L’intérêt et la pertinence d’un ouvrage ne se mesurent pas au nombre de pages. Ce petit livre de Jean-François Colosimo1 en apporte la preuve. On connaît de l’auteur sa grande érudition sur l’histoire et l’évolution du Proche-Orient dont il est un spécialiste attentif, l’acuité de ses analyses géopolitiques et son sens de la formule.

Si l’on en croit le titre, variation orientale d’une partie de notre histoire occidentale, “le sabre et le goupillon”, autrement dit, le pouvoir temporel et politique contre le pouvoir religieux, on détiendrait la clef de compréhension de la Turquie d’aujourd’hui. Apparemment, l’auteur nous oriente vers cette explication par la mise en scène de deux protagonistes omniprésents tout au long du livre : Kemal Atatürk, au pouvoir de 1922 à 1938, et Recip Erdogan, au pouvoir depuis 2002.

C’est l’occasion de revisiter l’histoire de la Turquie moderne depuis un siècle. Atatürk, le militaire laïc, fondateur de la république, s’opposerait comme “sabre” à Erdogan, le militant réactionnaire islamiste dans le rôle du “turban”. La caserne contre la mosquée ! L’application d’Erdogan à démolir l’œuvre d’Atatürk (sur la laïcité, Sainte-Sophie rendue au culte, ou la soumission des femmes…) accrédite cette opposition radicale. Et pourtant, nous dit Jean-François Colissimo : “Le laïc et l’islamiste communient dans la conquête des pleins pouvoirs et engagent moins un duel qu’un duo” (p. 13), même séparés par le temps.

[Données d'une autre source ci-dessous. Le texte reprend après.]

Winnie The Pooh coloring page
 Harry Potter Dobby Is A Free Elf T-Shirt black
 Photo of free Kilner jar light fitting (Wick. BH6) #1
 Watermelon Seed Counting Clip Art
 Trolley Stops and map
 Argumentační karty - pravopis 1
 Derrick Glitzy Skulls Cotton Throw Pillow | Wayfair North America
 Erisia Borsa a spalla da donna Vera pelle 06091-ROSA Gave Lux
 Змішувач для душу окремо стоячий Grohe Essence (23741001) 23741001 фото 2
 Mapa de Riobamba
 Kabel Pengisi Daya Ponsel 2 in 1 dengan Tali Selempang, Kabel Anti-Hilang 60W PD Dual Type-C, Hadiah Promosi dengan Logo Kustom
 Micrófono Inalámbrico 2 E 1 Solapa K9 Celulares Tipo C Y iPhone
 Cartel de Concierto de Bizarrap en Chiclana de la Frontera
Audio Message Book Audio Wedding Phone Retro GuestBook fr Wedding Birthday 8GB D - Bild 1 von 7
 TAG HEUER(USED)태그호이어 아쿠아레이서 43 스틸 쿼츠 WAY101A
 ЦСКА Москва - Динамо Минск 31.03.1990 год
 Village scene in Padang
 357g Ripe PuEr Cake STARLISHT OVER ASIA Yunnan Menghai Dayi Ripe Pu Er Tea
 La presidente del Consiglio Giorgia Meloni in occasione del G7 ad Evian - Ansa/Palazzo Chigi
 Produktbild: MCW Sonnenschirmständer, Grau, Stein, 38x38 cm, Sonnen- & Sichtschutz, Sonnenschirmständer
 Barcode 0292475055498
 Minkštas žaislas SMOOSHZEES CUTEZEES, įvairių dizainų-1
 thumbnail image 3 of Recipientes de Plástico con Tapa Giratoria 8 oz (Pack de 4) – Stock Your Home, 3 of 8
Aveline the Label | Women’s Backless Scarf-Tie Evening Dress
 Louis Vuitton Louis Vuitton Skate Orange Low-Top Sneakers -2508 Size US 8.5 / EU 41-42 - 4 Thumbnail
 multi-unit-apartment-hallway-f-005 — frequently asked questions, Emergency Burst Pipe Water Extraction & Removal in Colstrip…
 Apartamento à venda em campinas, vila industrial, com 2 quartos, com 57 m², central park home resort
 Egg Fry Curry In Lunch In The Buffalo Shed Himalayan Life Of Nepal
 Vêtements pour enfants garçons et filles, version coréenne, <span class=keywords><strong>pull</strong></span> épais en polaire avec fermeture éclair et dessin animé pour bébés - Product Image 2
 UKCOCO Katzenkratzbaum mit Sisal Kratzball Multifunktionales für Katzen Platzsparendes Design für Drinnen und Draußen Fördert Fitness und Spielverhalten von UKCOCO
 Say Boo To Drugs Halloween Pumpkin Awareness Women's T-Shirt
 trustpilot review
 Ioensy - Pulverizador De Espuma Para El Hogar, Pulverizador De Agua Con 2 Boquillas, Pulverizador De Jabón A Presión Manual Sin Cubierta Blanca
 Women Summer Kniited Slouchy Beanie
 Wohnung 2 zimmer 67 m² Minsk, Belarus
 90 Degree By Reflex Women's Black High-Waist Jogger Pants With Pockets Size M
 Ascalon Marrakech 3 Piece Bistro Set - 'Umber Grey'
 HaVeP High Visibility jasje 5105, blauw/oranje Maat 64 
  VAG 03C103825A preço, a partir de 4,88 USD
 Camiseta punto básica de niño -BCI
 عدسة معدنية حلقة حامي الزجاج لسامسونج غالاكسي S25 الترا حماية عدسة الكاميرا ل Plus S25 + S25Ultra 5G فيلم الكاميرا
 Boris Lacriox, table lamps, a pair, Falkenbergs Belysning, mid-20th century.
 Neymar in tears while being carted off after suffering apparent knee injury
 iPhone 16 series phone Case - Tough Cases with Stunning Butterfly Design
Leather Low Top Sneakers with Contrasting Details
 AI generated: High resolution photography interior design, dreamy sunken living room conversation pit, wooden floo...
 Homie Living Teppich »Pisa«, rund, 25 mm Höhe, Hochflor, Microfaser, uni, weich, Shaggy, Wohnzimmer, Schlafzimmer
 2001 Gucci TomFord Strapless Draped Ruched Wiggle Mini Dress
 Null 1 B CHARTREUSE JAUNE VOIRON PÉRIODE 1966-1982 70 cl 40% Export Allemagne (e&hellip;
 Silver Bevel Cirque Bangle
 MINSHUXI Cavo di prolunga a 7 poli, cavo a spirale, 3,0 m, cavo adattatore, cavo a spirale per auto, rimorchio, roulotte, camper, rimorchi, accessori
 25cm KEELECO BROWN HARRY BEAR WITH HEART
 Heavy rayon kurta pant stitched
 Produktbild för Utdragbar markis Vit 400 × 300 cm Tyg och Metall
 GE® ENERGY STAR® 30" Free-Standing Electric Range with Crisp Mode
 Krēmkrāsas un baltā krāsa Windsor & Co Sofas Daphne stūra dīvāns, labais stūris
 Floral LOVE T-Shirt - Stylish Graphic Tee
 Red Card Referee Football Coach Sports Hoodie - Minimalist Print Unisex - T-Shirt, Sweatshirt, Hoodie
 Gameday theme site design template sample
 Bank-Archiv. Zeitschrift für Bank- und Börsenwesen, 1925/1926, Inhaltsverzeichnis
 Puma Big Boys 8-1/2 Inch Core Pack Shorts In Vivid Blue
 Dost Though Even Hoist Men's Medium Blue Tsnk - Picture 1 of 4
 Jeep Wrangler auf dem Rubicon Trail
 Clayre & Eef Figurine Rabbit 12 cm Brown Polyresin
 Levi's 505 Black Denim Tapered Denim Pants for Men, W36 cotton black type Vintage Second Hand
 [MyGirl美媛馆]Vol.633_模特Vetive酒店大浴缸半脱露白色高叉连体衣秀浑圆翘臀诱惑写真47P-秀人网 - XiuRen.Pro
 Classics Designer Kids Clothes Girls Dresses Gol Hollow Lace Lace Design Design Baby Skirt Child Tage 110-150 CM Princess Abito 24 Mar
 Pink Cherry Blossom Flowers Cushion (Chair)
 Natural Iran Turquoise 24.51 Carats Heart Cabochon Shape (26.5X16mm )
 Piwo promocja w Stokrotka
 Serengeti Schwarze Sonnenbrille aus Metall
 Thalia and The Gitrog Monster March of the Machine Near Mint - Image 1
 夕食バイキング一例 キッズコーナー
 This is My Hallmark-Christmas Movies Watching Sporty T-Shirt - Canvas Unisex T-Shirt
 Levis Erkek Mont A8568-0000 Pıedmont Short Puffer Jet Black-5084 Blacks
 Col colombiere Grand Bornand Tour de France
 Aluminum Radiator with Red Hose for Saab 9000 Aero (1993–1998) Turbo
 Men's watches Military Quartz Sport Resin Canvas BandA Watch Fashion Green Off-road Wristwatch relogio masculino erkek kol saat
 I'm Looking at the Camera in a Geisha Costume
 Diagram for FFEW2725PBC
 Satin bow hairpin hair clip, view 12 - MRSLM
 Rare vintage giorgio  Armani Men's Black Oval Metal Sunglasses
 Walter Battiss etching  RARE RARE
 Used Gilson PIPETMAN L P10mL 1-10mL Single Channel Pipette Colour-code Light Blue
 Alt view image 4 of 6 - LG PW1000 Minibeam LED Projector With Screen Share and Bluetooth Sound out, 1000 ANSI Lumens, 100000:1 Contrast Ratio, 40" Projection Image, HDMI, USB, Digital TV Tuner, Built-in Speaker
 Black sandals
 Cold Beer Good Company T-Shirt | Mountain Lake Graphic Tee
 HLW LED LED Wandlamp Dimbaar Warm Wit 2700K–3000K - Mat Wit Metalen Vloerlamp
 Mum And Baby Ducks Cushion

En 26 courts chapitres, l’auteur procède à une critique sévère et non équivoque du bilan d’Atatürk et de son moderne successeur Erdogan. Non sans raisons, il appuie ses convictions sur l’histoire de ce pays, né sur les ruines de l’Empire Ottoman après la Première Guerre Mondiale. Dès 1919, Atatürk s’empare du mythe de l’Empire perdu pour retrouver sa grandeur passée. Aussi, continuera-t-il la lutte armée jusqu’en 1924 pour exiger des frontières à sa mesure, quitte à faire renoncer les Alliés à la création du Kurdistan et à annexer plus tard la province syrienne d’Alexandrette. A l’intérieur, parce que pour lui “la puissance rime avec le progrès” (p. 151), Atatürk va occidentaliser le pays au pas de charge : alphabet latin, calendrier grégorien, interdiction de l’arabe, du voile et du fez. Quant à la laïcité, elle n’est rien d’autre que la nationalisation de l’islam sous surveillance politique. Elle ne concerne pas les minorités subsistantes : dès 1923, les Grecs sont chassés de l’Anatolie et durant les années suivantes, seront mâtés les Kurdes, les Alévis, les Arméniens et les Alaouites. Le pouvoir est monopolisé. Le sabre l’emporte sur le turban.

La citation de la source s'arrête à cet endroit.